Boyle, 37, has played 15 seasons in the NHL, posting 561 points in 954 games, and while he’s had success wherever he’s gone — Florida, Tampa Bay and San Jose — he’s never played in what many would consider a traditional hockey market. The opportunity to call one home — let alone one of the League’s oldest franchises — played a big role in his decision to come east to the Big Apple.
“I’ve played in Florida and California, two non-traditional hockey markets, so I wanted to — and those places were great — but I just wanted to experience something different,” Boyle said. “An Original Six team and New York was just where I wanted to go.”
Also contributing to Boyle’s decision to sign with the Rangers were several familiar faces, including long-time friend and fellow 2004 Stanley Cup champion Martin St. Louis.
“It was a big factor,” Boyle said of having the chance to be teammates with St. Louis again for the first time in six seasons. Boyle said the two spoke during the playoffs following the death of St. Louis’ mother in May. “Marty was definitely a big reason. Him and I have had very similar careers, and it’ll be a great opportunity to play with him here again.”
Neither Boyle or St. Louis were drafted into the NHL.
With the loss of both Brad Richards and Anton Stralman this season, the Rangers had two holes to fill: a right-handed defenseman to pair with Marc Staal, and someone who could run the power play. The responsibility of filling both now rests on the shoulders of Boyle, who said he’s ready for the challenge.
“I enjoy the pressure,” Boyle stated. “You have to be prepared for that. I’ve already been forewarned. I’ve been in pressure situations before in the Stanley Cup Final and the Olympic Gold Medal games, and I actually thrive on it.”
The Ottawa, Ont.-native has 66 power play goals to go along with 215 assists, making him the ideal man to quarterback the power play. Boyle has 70 points in 107 postseason games, and he had a goal and five assists for Team Canada in 2010, en route to a Gold Medal.
Boyle denounces the critics who feel age has caught up to him, especially last season. The veteran said he got off to a “rough” start following an early-season concussion, but said down the stretch “I was back to myself.”

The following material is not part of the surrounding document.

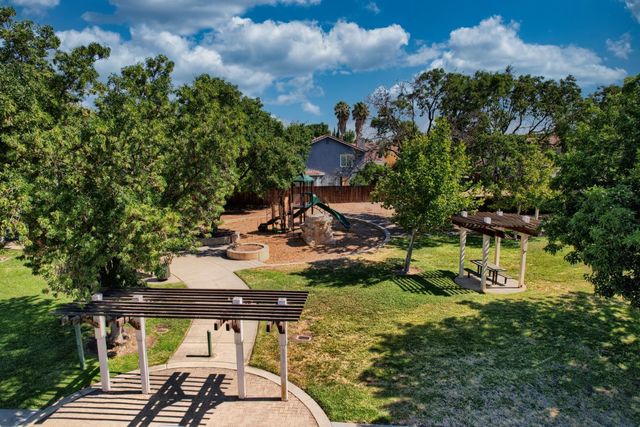 2165 Jenni Ln, Tracy, CA 95377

Even at this point in his career, Boyle led the Sharks in ice time, averaging 21:16 per game. In New York, though, the Rangers posses minute-eating monsters in Ryan McDonagh (24:49/game) and Dan Girardi (23:07/game). Boyle said he must earn his ice time, and added the ultimate goal is winning hockey games, not seeing who skates the most.
“At the end of the day, I’m going to have to go out there and be the best I can be,” Boyle said. “It’ll be a competition I guess sort of, but at the end of the day, we want to win hockey games.”